As it seems more likely that the situation is in a deadlock, expectations for structural reform seem to be growing. The December survey asked about the impact of the Kishida cabinet’s economic stimulus measures on the market. 53% of respondents answered “Almost no impact,” followed by 37% who said “It will be a temporary factor behind an upside but will not last.” Even if a temporary effect of fiscal spending can be expected, many observers question its sustainability.
It seems that the expectation for reform is also reflected in the fact that over 80% of the respondents said they consider the trend toward an increase in hostile takeovers is “generally favorable.” Some are hoping it will serve as a catalyst to revitalize the market, saying it will raise awareness for their company’s stock price.
According to mergers and acquisitions (M&A) advisor RECOF, the number of hostile takeover deals in 2021 is higher than ever, with nine through October. Recently, SBI Holdings (8473) have made Shinsei Bank (8303) its subsidiary following the completion of TOB (takeover bid) on December 17.
In addition, a court case over the management integration of Kansai Super Market and two food supermarkets under the umbrella of H2O Retailing (8242), Izumiya and Hankyu Oasis, has been settled. OK Corporation, a discount supermarket chain, had initially sought to make Kansai Super into a wholly-owned subsidiary, but the Supreme Court rejected OK’s claim for an injunction against the integration procedures.
With the increase in hostile takeovers, some companies are introducing new takeover defense measures. 78% of the respondents answered that the introduction of takeover defense measures was “unavoidable” in some cases. 3% answered that “(the introduction of takeover defense measures) should be actively allowed.”
Review of the Capital Relationship between Parent and Subsidiary Listed Companies
In addition to hostile takeovers, there have been notable moves to review capital relationships between parent and subsidiary listed companies. These include making the company a wholly-owned subsidiary, which will lead to the dissolution of the parent-subsidiary listing, the sale of shares, and raising the stake in the company in order to strengthen partnership. In order to identify companies that are likely to review their capital relationships, we have performed a screening and extracted those that (1) contribute less than 30% of earnings to the parent company’s operating income and (2) have less than one-third of outside directors. 22 companies fell into these categories.
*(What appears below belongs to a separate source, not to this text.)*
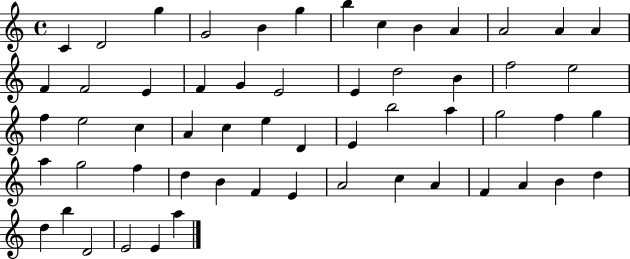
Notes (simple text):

C4/q D4/h G5/q G4/h B4/q G5/q B5/q C5/q B4/q A4/q A4/h A4/q A4/q F4/q F4/h E4/q F4/q G4/q E4/h E4/q D5/h B4/q F5/h E5/h F5/q E5/h C5/q A4/q C5/q E5/q D4/q E4/q B5/h A5/q G5/h F5/q G5/q A5/q G5/h F5/q D5/q B4/q F4/q E4/q A4/h C5/q A4/q F4/q A4/q B4/q D5/q D5/q B5/q D4/h E4/h E4/q A5/q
Some included several companies that have already made moves.
* See “Parent-Subsidiary Listed Governance Watch,” the Knowledge Platform on the QUICK terminal. Stocks for which the parent company’s contribution to operating income is less than 30% and the ratio of outside directors is less than one-third.
It is also the issue that companies are most familiar with and can tackle on their own, and it is highly likely that in 2022, people will continue to pay attention to the review of the capital relationships between parent and subsidiary listed companies.
The survey was conducted among 210 people including investment managers of domestic institutional investors. 125 people responded. The survey period was from November 30 to December 2, 2021.